A little boy, a sweet boy,
Like that growing blossom.
When the blossom comes to bloom,
The little boy will be no more.


The trip was solemn when called for, but not joyless. Many of us got to know each other well, and bonded around our experience. We laughed and joked, sang songs (including a funny one Bernard taught us), sought out good meals, good beer and good wine.

Ilene and I have known about the Holocaust in some detail since we were children.

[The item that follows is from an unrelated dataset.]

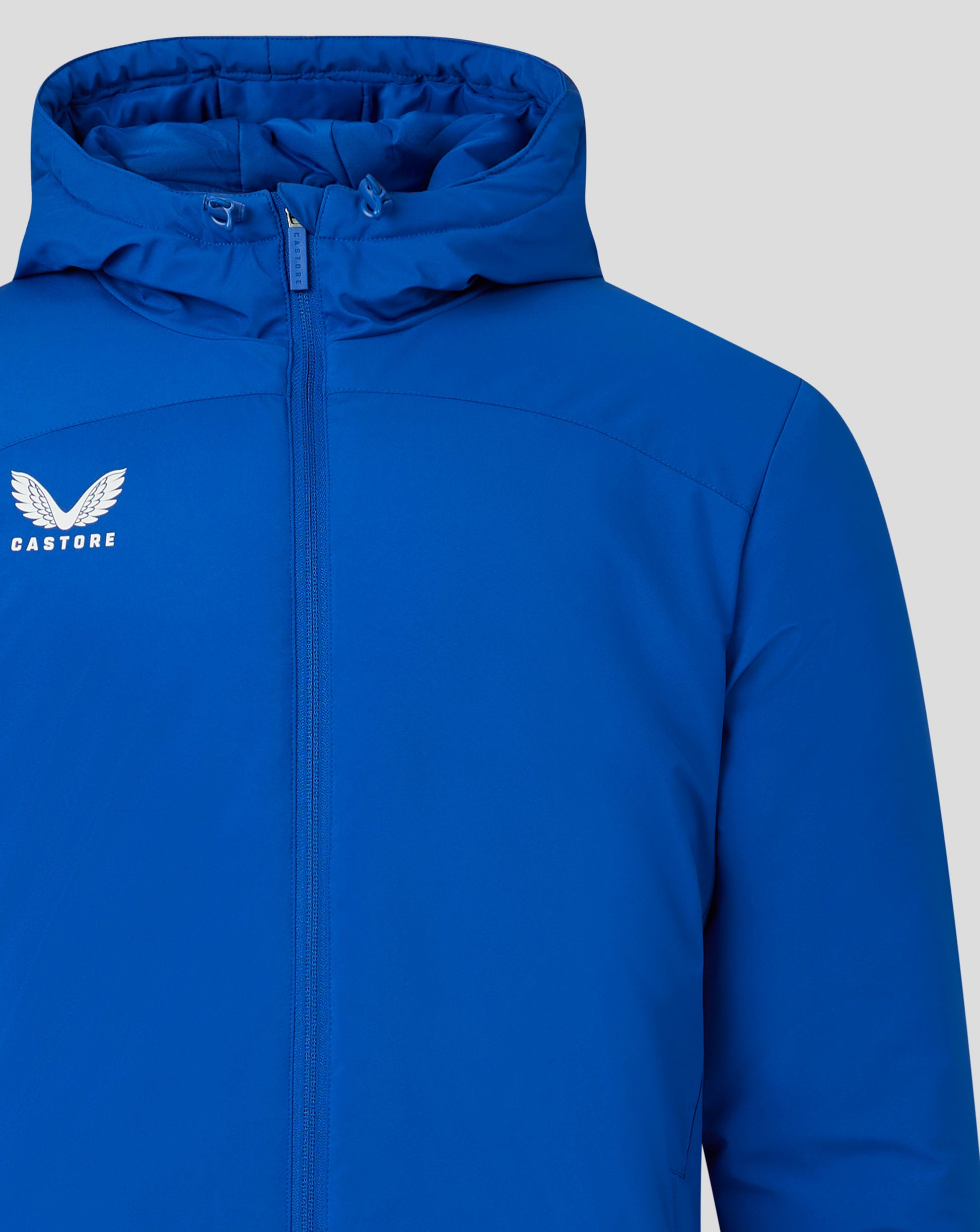 Blue padded mens jacket with a high hooded collar, full front zip and Castore logo on the left chest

But to know it—even to know it through the Washington D.C. Holocaust museum or Yad Vashem—is very different from being on ground where it happened.

Ultimately, life triumphed over the Nazi culture of death. But, my God, at what a cost in human blood, human decency, human potential.

Not that genocide started or ended with the Holocaust. The beat does go on.

Much love from both of us. For a moment, at least, we are humbled by what we have seen, and grateful for what we have—including all of you.